Is Apple ‘Beautygate’ Actually a Real Thing? Techies Say No
Another day, another Apple controversy. Although nearly 64% of all Americans owned an iPhone, iPad, Mac, or other Apple product in 2017, that doesn’t mean that every user experience is a positive one. And while the newest iPhone models — the X and XS — have come with a lot of excitement, some new owners of the XS (pronounced “10 S”) have been surprised and even upset by how good their selfies now look. It may sound strange, but there’s been some outrage surrounding the new camera — and there’s a theory that Apple included an undisclosed beauty filter in an effort to make consumers look better than they theoretically should. But is the Apple Beautygate controversy even based on fact?
There’s little doubt that the images captured by the iPhone XS look different than those taken even with the iPhone X. Users definitely took notice and started to theorize that the XS was smoothing out their selfies, possibly via a filter that Apple never mentioned — an idea being referred to as “beautygate.” Although there might be some iPhone XS owners who would rather take these kinds of images from the start rather than relying on retouching, like the 85% of people who have struggled with acne, others were infuriated by the possibility.
But now, a photography expert has debunked the idea that the differences in photo quality perceived by users are caused by a hidden filter. Photography app developer Sebastiaan de With revealed that Apple has made significant improvements to its photography software with this latest model. For one thing, the XS’s camera shoots at a higher ISO and has a faster shutter speed than other versions. This means more photos can be taken at a faster rate. When the XS merges these exposures, sharpness and noise are reduced — resulting in a decreased contrast and a smoother image result. Essentially, the dark and light points of the image aren’t as stark in contrast; because Apple has amped up the noise reduction to compensate for changes, some details are removed. That’s why it may seem like there’s a beauty filter on your selfies.

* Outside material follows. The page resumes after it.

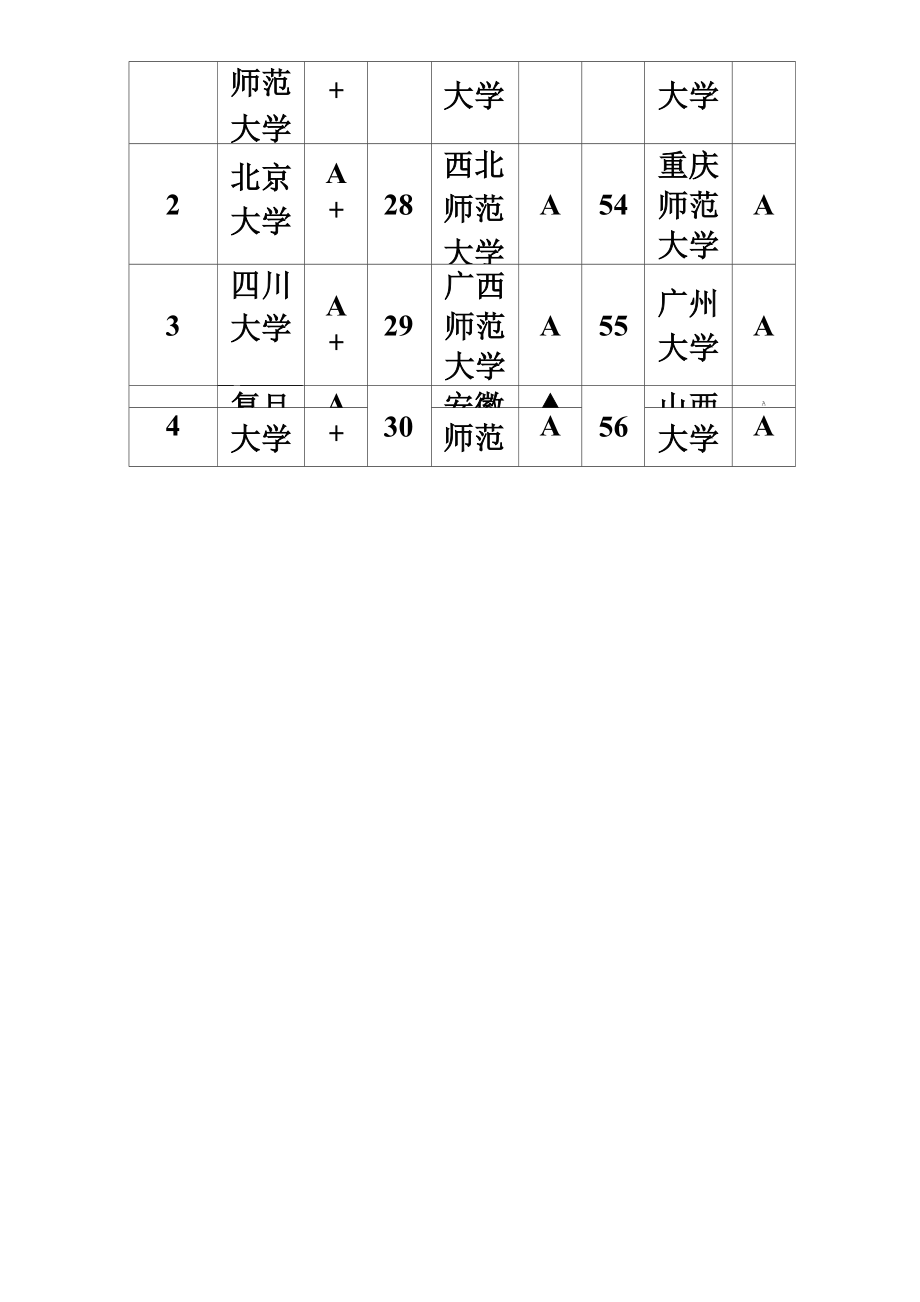 050101汉语言文学专业.docx_第2页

The good news, says de With, is that Apple can tinker with some of these settings in the future — and they may, if there’s enough negative customer reaction to make them take another look. But if you’re a current owner of the XS, keep in mind that the current changes can allow you to take better-looking selfies in low-light situations. And while some users are still complaining about the adjustments, others are thrilled with how great their photos look now. Whether it’s a completely realistic representation of your visage or not, you might not hate being able to achieve more attractive selfies all the time.